-------- Data records

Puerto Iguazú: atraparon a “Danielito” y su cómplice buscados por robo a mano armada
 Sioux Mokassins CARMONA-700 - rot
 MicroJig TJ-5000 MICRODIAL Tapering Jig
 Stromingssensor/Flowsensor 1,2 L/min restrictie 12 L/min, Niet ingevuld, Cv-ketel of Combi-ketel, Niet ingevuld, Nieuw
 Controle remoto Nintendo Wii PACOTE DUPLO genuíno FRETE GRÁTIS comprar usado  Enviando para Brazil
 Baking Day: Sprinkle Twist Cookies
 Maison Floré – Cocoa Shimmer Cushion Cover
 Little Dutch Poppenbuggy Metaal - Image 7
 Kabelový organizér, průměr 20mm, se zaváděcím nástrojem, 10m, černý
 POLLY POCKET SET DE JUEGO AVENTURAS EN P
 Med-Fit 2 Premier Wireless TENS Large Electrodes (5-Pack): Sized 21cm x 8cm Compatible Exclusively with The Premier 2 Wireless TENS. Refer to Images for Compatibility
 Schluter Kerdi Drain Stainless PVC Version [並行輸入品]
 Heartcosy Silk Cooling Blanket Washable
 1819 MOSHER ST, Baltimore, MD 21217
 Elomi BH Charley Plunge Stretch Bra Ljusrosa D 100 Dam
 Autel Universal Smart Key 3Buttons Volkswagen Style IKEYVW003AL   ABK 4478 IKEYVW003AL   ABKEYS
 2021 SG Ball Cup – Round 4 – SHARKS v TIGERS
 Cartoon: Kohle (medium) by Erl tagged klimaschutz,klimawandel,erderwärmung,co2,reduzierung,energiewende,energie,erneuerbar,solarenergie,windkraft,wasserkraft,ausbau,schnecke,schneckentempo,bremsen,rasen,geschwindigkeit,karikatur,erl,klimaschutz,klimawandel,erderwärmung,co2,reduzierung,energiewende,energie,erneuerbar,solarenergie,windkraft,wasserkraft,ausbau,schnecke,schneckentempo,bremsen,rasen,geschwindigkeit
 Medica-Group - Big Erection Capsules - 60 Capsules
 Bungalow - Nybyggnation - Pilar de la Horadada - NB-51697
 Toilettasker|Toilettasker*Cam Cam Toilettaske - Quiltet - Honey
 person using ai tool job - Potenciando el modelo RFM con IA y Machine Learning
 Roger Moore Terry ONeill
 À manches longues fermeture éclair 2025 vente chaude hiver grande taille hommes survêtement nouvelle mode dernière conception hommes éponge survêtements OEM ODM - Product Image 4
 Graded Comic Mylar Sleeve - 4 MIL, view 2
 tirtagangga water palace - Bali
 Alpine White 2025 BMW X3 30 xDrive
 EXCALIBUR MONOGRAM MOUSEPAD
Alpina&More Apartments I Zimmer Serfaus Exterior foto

----------------

## Work order
Reproduce exactly, and only, the part of the listing above that begins at the line with "Little Dutch Poppenbuggy Metaal - Image 7" and goes on through the line with "Toilettasker|Toilettasker*Cam Cam Toilettaske".

## Task answer
 Little Dutch Poppenbuggy Metaal - Image 7
 Kabelový organizér, průměr 20mm, se zaváděcím nástrojem, 10m, černý
 POLLY POCKET SET DE JUEGO AVENTURAS EN P
 Med-Fit 2 Premier Wireless TENS Large Electrodes (5-Pack): Sized 21cm x 8cm Compatible Exclusively with The Premier 2 Wireless TENS. Refer to Images for Compatibility
 Schluter Kerdi Drain Stainless PVC Version [並行輸入品]
 Heartcosy Silk Cooling Blanket Washable
 1819 MOSHER ST, Baltimore, MD 21217
 Elomi BH Charley Plunge Stretch Bra Ljusrosa D 100 Dam
 Autel Universal Smart Key 3Buttons Volkswagen Style IKEYVW003AL   ABK 4478 IKEYVW003AL   ABKEYS
 2021 SG Ball Cup – Round 4 – SHARKS v TIGERS
 Cartoon: Kohle (medium) by Erl tagged klimaschutz,klimawandel,erderwärmung,co2,reduzierung,energiewende,energie,erneuerbar,solarenergie,windkraft,wasserkraft,ausbau,schnecke,schneckentempo,bremsen,rasen,geschwindigkeit,karikatur,erl,klimaschutz,klimawandel,erderwärmung,co2,reduzierung,energiewende,energie,erneuerbar,solarenergie,windkraft,wasserkraft,ausbau,schnecke,schneckentempo,bremsen,rasen,geschwindigkeit
 Medica-Group - Big Erection Capsules - 60 Capsules
 Bungalow - Nybyggnation - Pilar de la Horadada - NB-51697
 Toilettasker|Toilettasker*Cam Cam Toilettaske - Quiltet - Honey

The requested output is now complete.